Começando pela forma descontraída das suas vestes, passando pela sua serenidade e paciência e terminando na guitarra que acompanha os seus sermões. É mediante a exploração da música e dos diferentes instrumentos musicais, das conversas de carácter social e da abordagem das temáticas mais relevantes dos países de onde os alunos provêm, que se pode resumir o encadeamento das suas aulas. Aqui o Professor demite-se das suas funções de líder e assume-se como ouvinte acérrimo daqueles que nunca subordinou. O Professor Bachmann consegue fazer com que cada aluno seu se sinta especial naquele espaço de convivência, onde todos têm uma história e um percurso distinto para contar. Os aprendizes de Bachmann são escutados com interesse e admiração e prevalece sempre o incentivo pela busca do que melhor sabem fazer, obrigando-os a um intenso conhecimento do “eu”. É na complementaridade e junção de culturas que o seu ensino se torna mais artístico do que tradicional, mais humano do que racional.

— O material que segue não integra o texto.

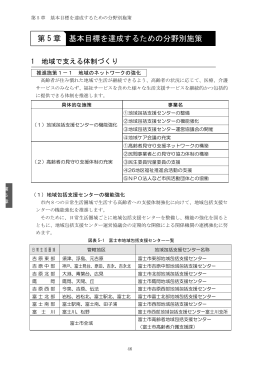 第 5 章 基本目標を達成するための分野別施策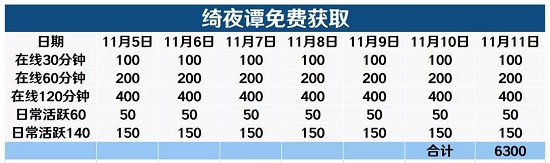 爱江山更爱美人手游绮夜谭兑换攻略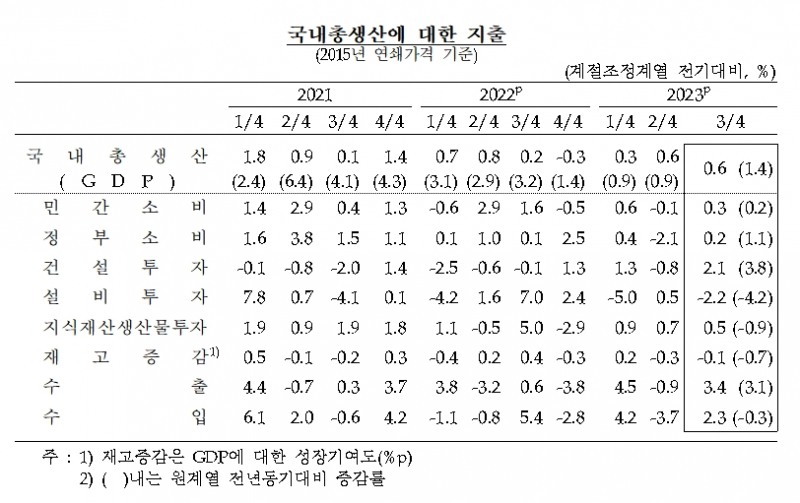 국내총생산에 대한 지출 / 자료출처= 한국은행(2023.12.05)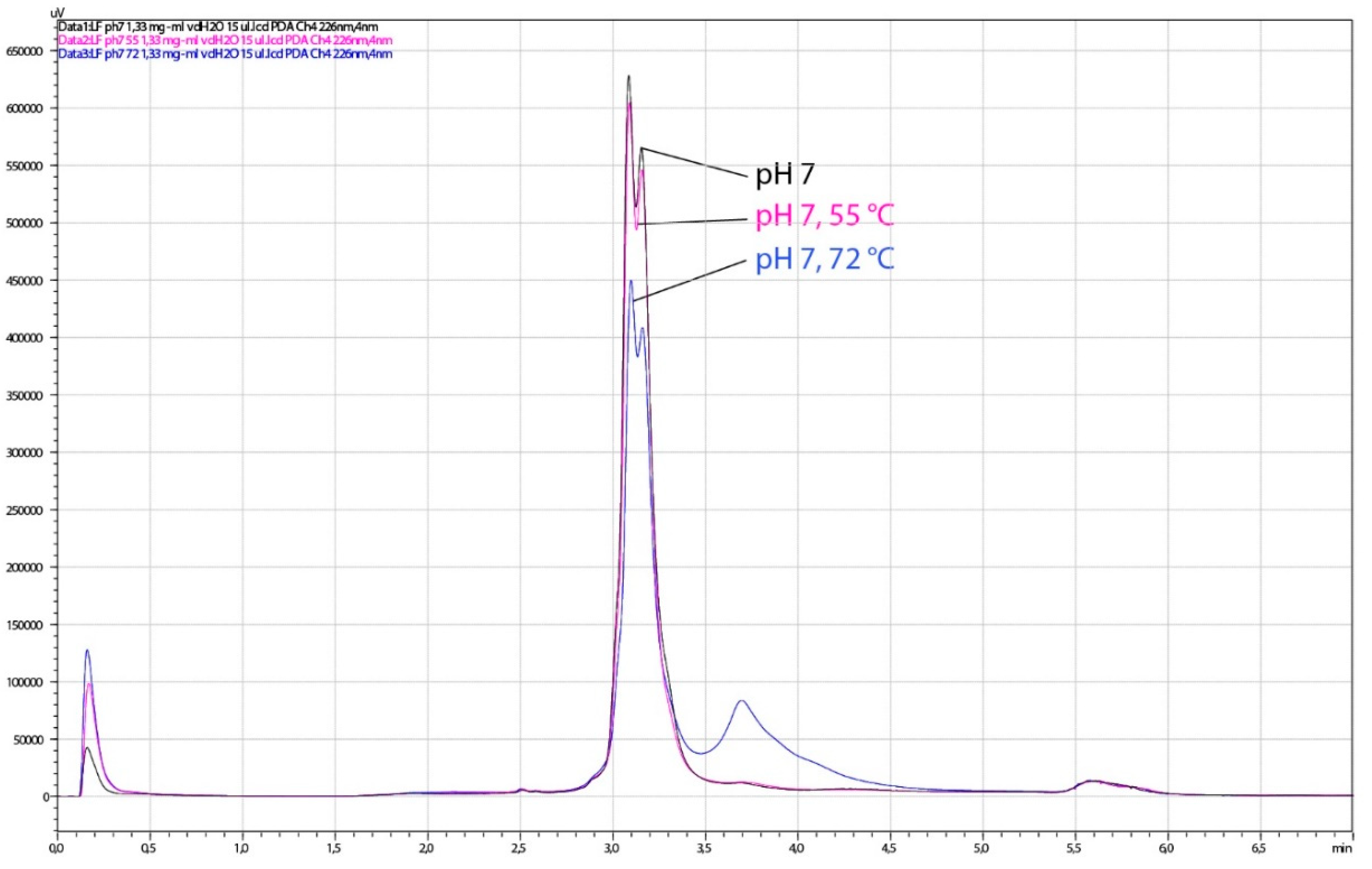 Processes 08 00804 g011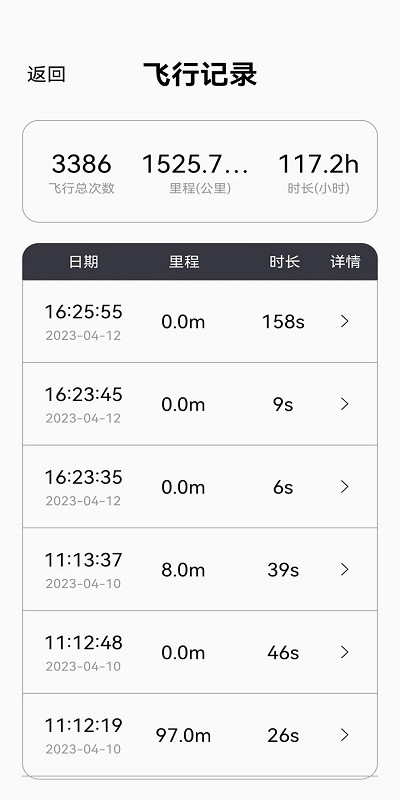 enjoy fly2無人機app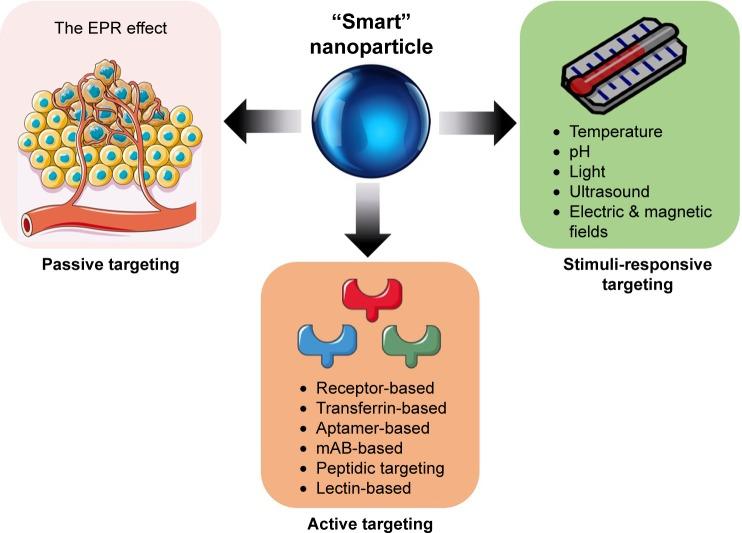 https://cdn.ncbi.nlm.nih.gov/pmc/blobs/0a79/6108334/945622f94430/ijn-13-4727Fig1.jpg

Sintetizando, ambos os filmes se centram na figura do Professor como um ser ao qual é incumbida a mais árdua tarefa, a de ensinar e educar para a sociedade, jovens com inúmeras potencialidades mas também com diversas exigências educativas. Em Um Iaque na Sala de Aula (2019), Pawo Dorji apresenta o Professor como um Deus terreno, alguém que é glorificado, apreciado e extremamente respeitado, isto é, que tem a capacidade de tocar no futuro através da partilha dos conhecimentos que são conferidos aos seus aprendizes. O estatuto do Professor é tão grandioso que ele é tido como responsável pela preparação, não só intelectual como física, mental e social para a vida que está reservada ao aluno. O Professor é aqui representado como o arquitecto que constrói a ponte para o futuro, concedendo aos alunos os saberes necessários para eles mesmos um dia também serem agentes de construção temporal e criatividade. Por sua vez, em O Professor Bachmann e a Sua Turma, Maria Speth procura enaltecer o Professor pela justaposição de carácteres interventivos e pela forma como este concilia inúmeros mundos dentro de uma sala de aula, sem recurso a momentos de exaltação ou castigos.

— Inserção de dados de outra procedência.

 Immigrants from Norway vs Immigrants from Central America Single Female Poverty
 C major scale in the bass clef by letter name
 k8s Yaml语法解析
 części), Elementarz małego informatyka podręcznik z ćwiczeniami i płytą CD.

Tanto Bachmann como Ugyen sabem que o seu dever perante o Ensino é cumprir o calendário oficial e obrigatório, no entanto, ambos adoptam um comportamento em sala menos mecanizado e aborrecido do que o habitual, procurando sempre adaptar o seu discurso à sensibilidade de cada educando, nunca fazendo juízos de valor nem nunca assumindo que estes têm as mesmas necessidades educativas. Todos os alunos são tratados como um ser único e é isso que faz destes dois filmes uma lição, ou até mesmo filmes de visualização obrigatória no que deveria ser um Plano Nacional do Cinema (a ponderar) e, consequentemente, da vida.